Segment Start: Data in this exercise

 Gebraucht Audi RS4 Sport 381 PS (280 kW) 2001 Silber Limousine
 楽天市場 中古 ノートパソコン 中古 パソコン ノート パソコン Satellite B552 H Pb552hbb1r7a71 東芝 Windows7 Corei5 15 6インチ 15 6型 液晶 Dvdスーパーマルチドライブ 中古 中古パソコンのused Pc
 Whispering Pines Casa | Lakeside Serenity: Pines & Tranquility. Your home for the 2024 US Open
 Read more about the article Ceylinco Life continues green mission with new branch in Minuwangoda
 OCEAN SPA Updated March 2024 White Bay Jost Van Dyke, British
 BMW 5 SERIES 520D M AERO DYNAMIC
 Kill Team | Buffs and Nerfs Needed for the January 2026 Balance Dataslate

Segment End: Data in this exercise
Segment Start: Data in this exercise

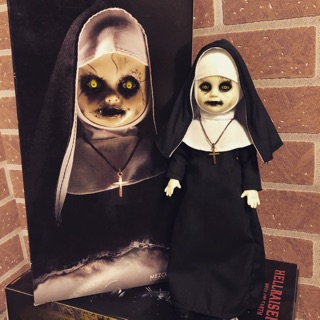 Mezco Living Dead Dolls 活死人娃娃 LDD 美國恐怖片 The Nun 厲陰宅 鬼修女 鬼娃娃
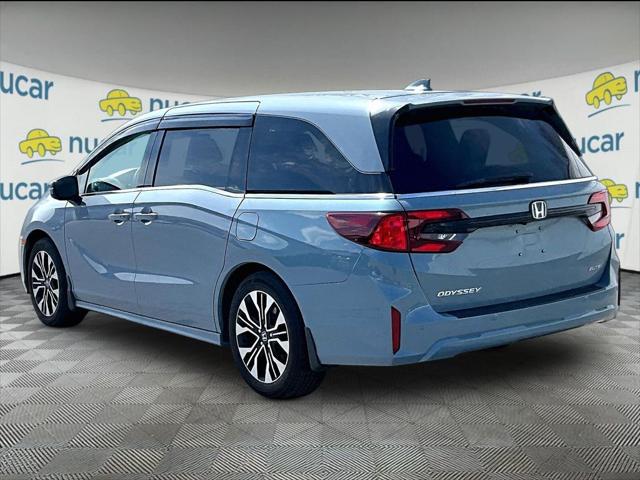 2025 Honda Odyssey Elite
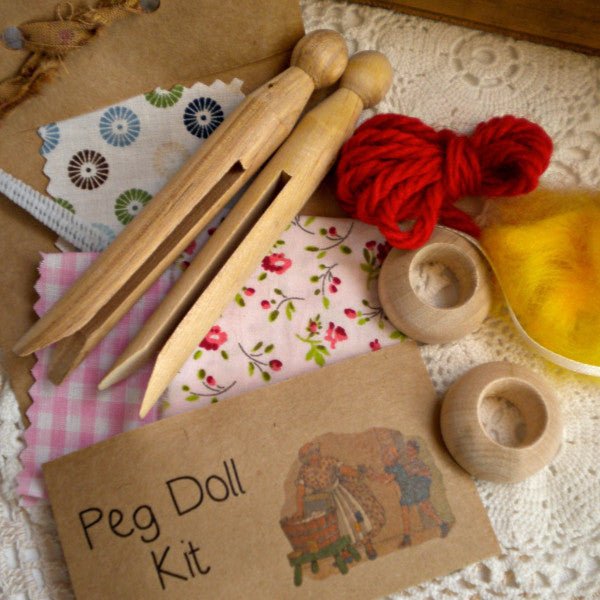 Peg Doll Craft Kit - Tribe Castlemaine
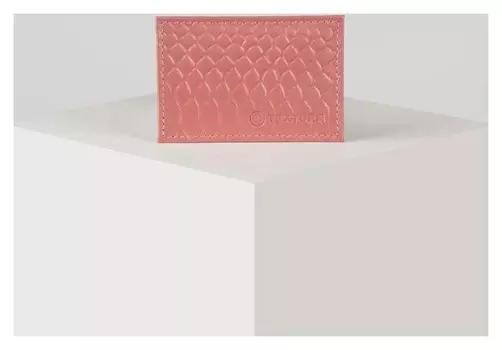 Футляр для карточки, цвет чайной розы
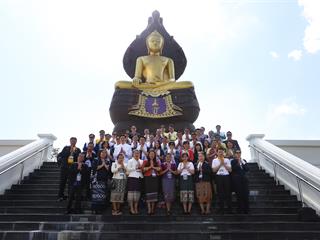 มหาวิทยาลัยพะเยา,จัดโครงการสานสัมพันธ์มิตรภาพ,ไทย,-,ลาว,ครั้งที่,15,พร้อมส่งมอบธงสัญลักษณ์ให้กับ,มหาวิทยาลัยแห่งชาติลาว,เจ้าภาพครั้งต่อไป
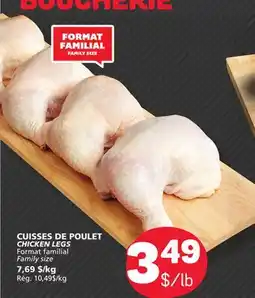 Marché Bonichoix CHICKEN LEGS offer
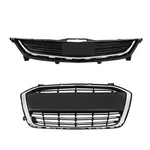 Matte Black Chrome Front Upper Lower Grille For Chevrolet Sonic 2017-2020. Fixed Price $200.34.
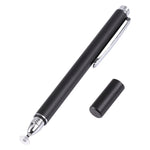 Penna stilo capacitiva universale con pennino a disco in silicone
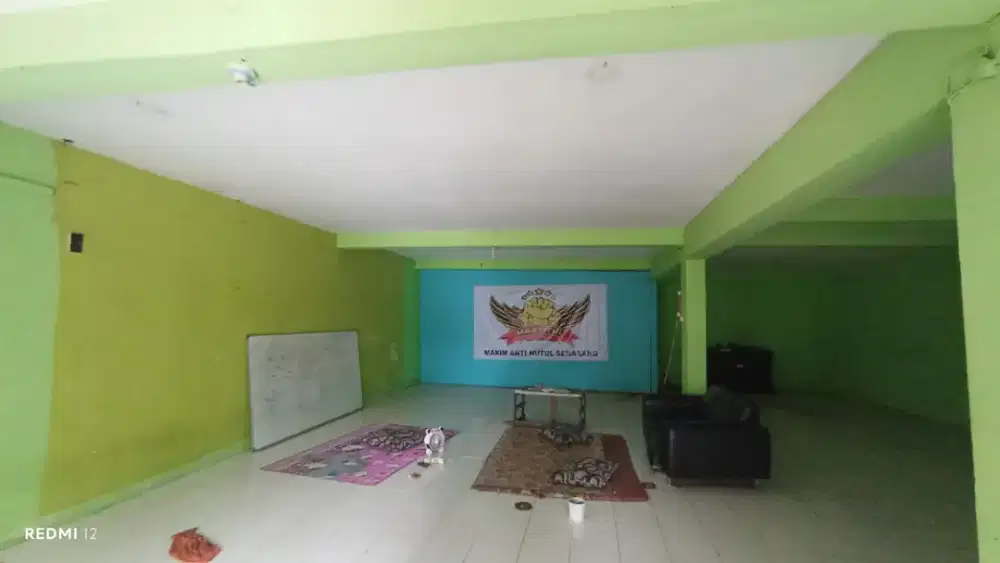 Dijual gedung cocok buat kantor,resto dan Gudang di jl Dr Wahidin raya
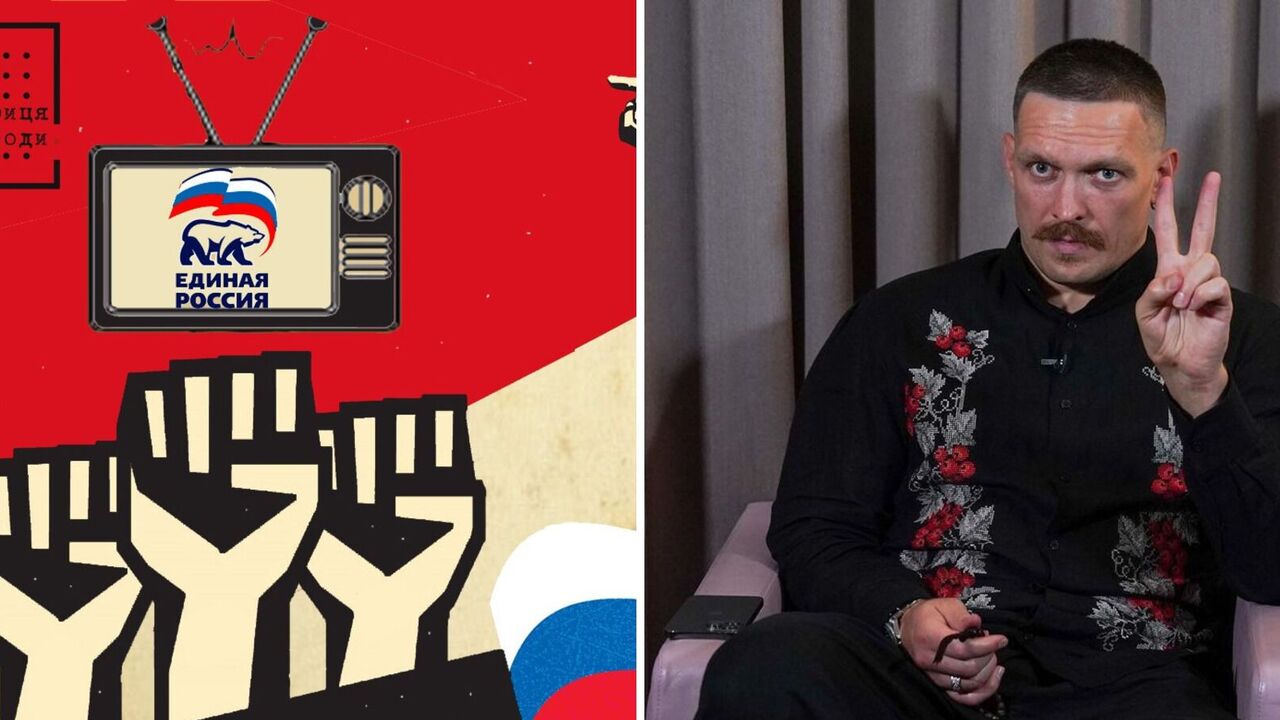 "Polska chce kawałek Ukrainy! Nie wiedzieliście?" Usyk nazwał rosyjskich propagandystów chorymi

Segment End: Data in this exercise

» **Work task**
Only the lines above starting with the one with "Gebraucht Audi RS4" and going through the one with "楽天市場 中古 ノートパソコン" are to be copied, word for word and with both ends kept.

» **Output**
 Gebraucht Audi RS4 Sport 381 PS (280 kW) 2001 Silber Limousine
 楽天市場 中古 ノートパソコン 中古 パソコン ノート パソコン Satellite B552 H Pb552hbb1r7a71 東芝 Windows7 Corei5 15 6インチ 15 6型 液晶 Dvdスーパーマルチドライブ 中古 中古パソコンのused Pc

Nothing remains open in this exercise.